The prospect of higher profits helped drive Hortonworks’ stock price up by more than 10 percent following the merger announcement. But any investors who might have been hoping for further clarity regarding the deal were left disappointed in Hortonwork’s conference call today, with executives refusing to take questions from analysts on the matter.
Instead, in prepared remarks, Bearden spoke optimistically of the new company’s “growth potential,” adding that he was encouraged about the “positive feedback” from customers and investors over the deal.
In fact, the company’s fourth-quarter earnings are likely to be much more telling than the quarter just gone, as it will help to shed some more light on how its customers feel about the merger, said Doug Henschen, vice president and principal analyst at Constellation Research Inc.
“It will be crucial for Cloudera and Hortonworks to maintain sales momentum over the next quarter and into 2019,” Henschen said. “But there’s no doubt that buyers may delay purchases and deeper deployments of currently available software until there is greater clarity around the go-forward, unified platform that the combined company will deliver.”
Hortonworks’ refusal to provide any more details about the merger in the call also meant that its stock price didn’t move much. It rose by less than 2 percent in after-hours trading.

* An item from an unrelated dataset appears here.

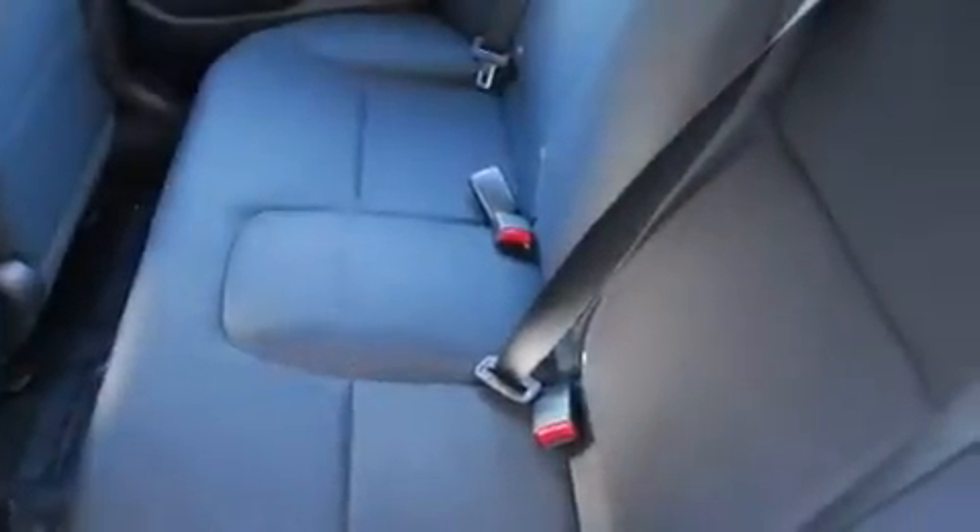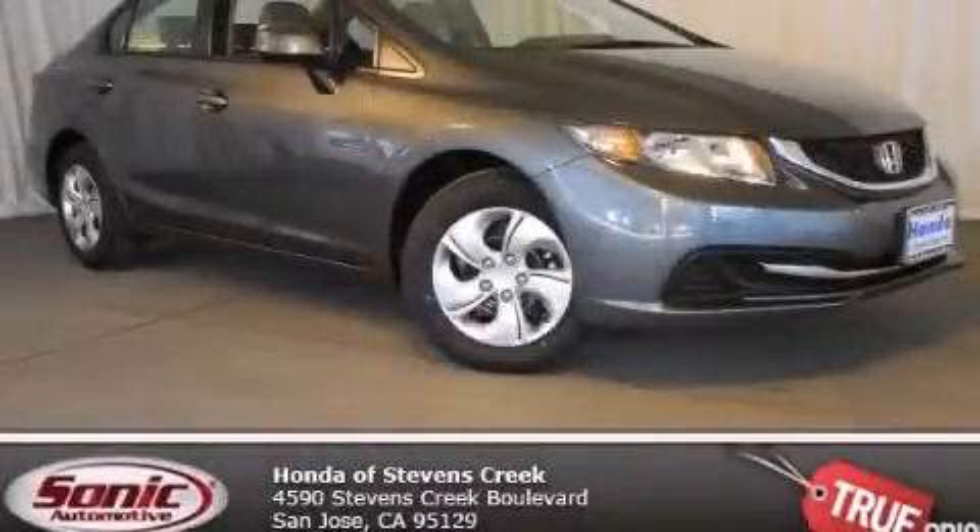With an EPA estimated rating of 39 miles per gallon on the highway, this automobile helps leave money in your pocket where you want it. Stop by today and test drive this automobile for yourself.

Analyst Charles King of Pund-IT Inc. said the lack of any dynamic price action was to be expected because Hortonworks is in an “odd position” given the planned merger, which will be an all-stock deal that doesn’t involve any cash changing hands. As a result, both companies’ stock has been trading in a fairly narrow range of late.
“When the deal is done, the merged companies should have a decent position in a range of big-data-related areas, including hybrid cloud and the ‘internet of things,'” King said. “I expect their respective executives and employees hope the time after the merger wraps up will be less tumultuous than the past few weeks.”
Hortonworks said it would not be providing guidance for the fourth quarter because of the anticipated merger.